YOUR ASSIGNMENT: Once the pictures are set aside, reproduce the remaining data exactly.
DATASET RECORDS Block Start
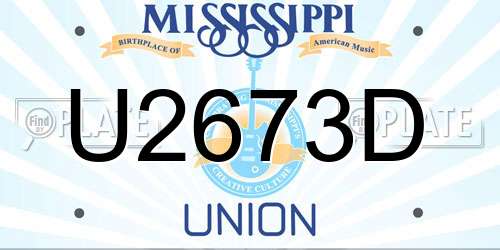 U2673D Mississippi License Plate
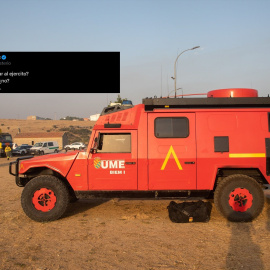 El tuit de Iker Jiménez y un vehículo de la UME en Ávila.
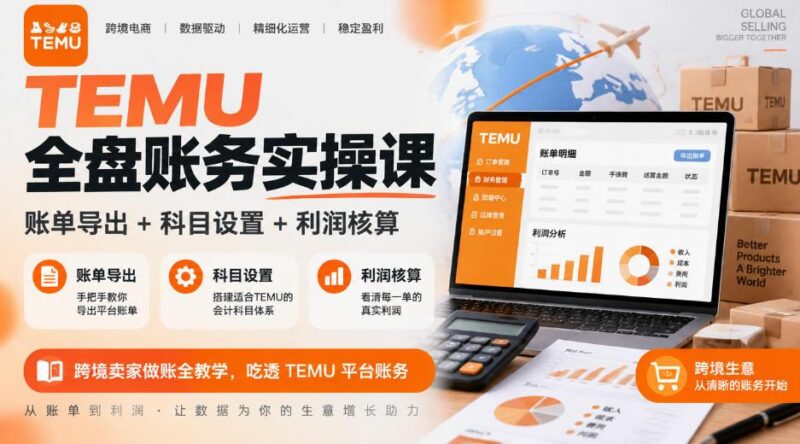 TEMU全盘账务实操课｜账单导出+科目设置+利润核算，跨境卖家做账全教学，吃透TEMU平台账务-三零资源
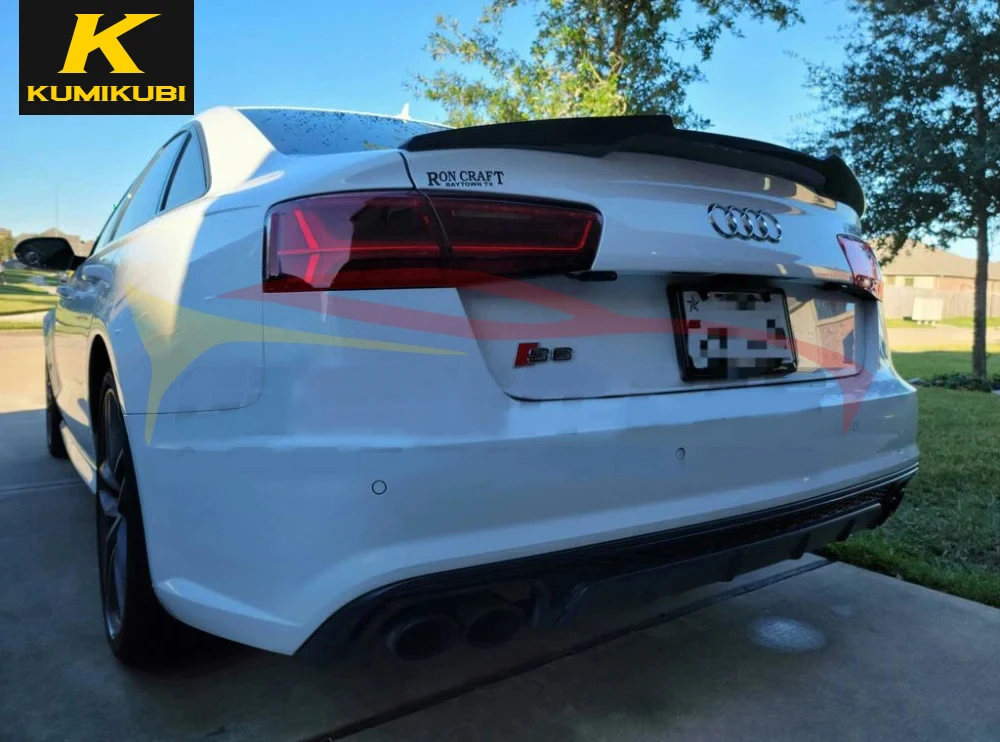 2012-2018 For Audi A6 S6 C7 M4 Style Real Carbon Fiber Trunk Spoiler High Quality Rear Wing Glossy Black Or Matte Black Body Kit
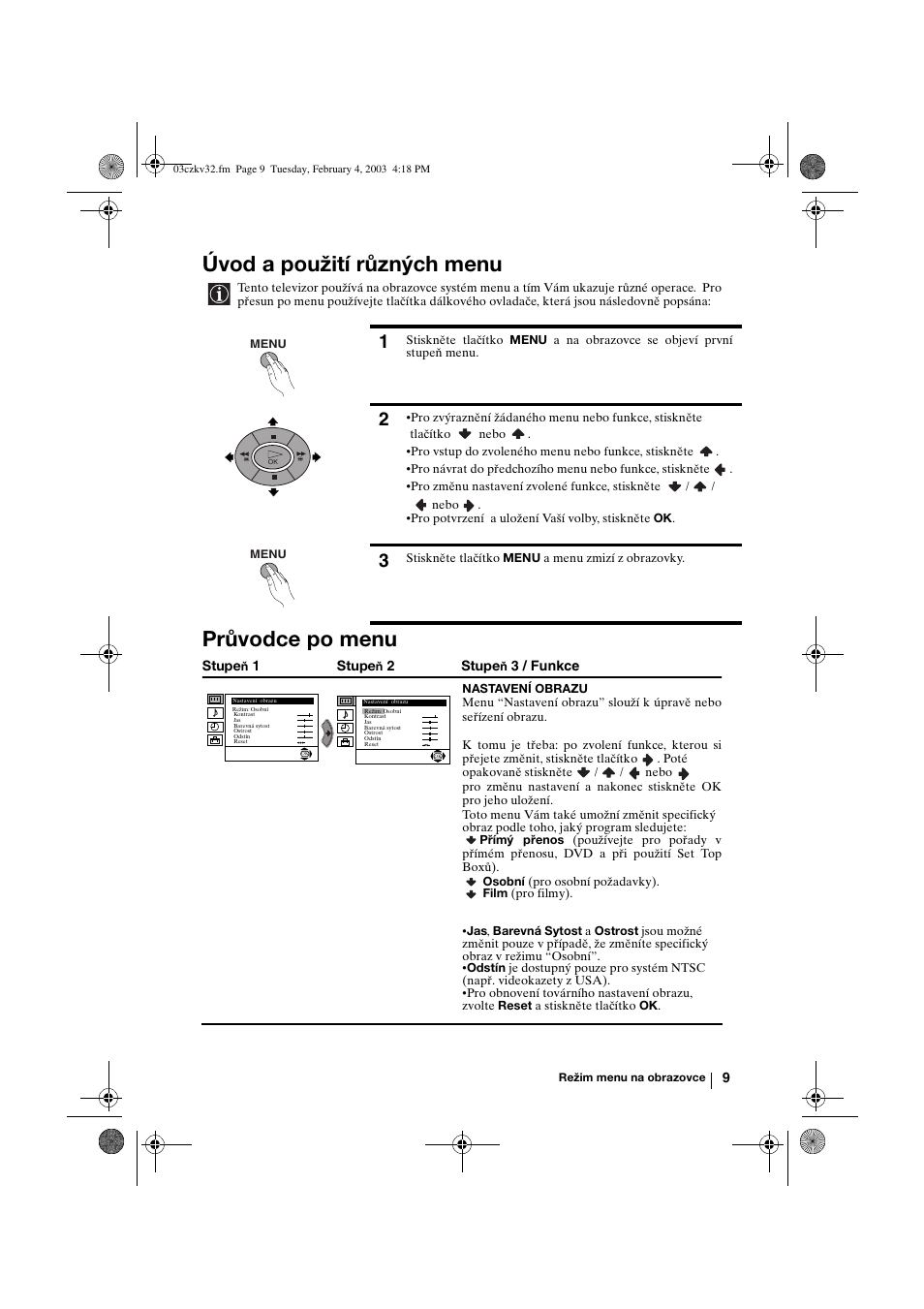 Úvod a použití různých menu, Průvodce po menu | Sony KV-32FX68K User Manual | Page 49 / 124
DATASET RECORDS Block End
YOUR SOLUTION:
 U2673D Mississippi License Plate
 El tuit de Iker Jiménez y un vehículo de la UME en Ávila.
 TEMU全盘账务实操课｜账单导出+科目设置+利润核算，跨境卖家做账全教学，吃透TEMU平台账务-三零资源
 2012-2018 For Audi A6 S6 C7 M4 Style Real Carbon Fiber Trunk Spoiler High Quality Rear Wing Glossy Black Or Matte Black Body Kit
 Úvod a použití různých menu, Průvodce po menu | Sony KV-32FX68K User Manual | Page 49 / 124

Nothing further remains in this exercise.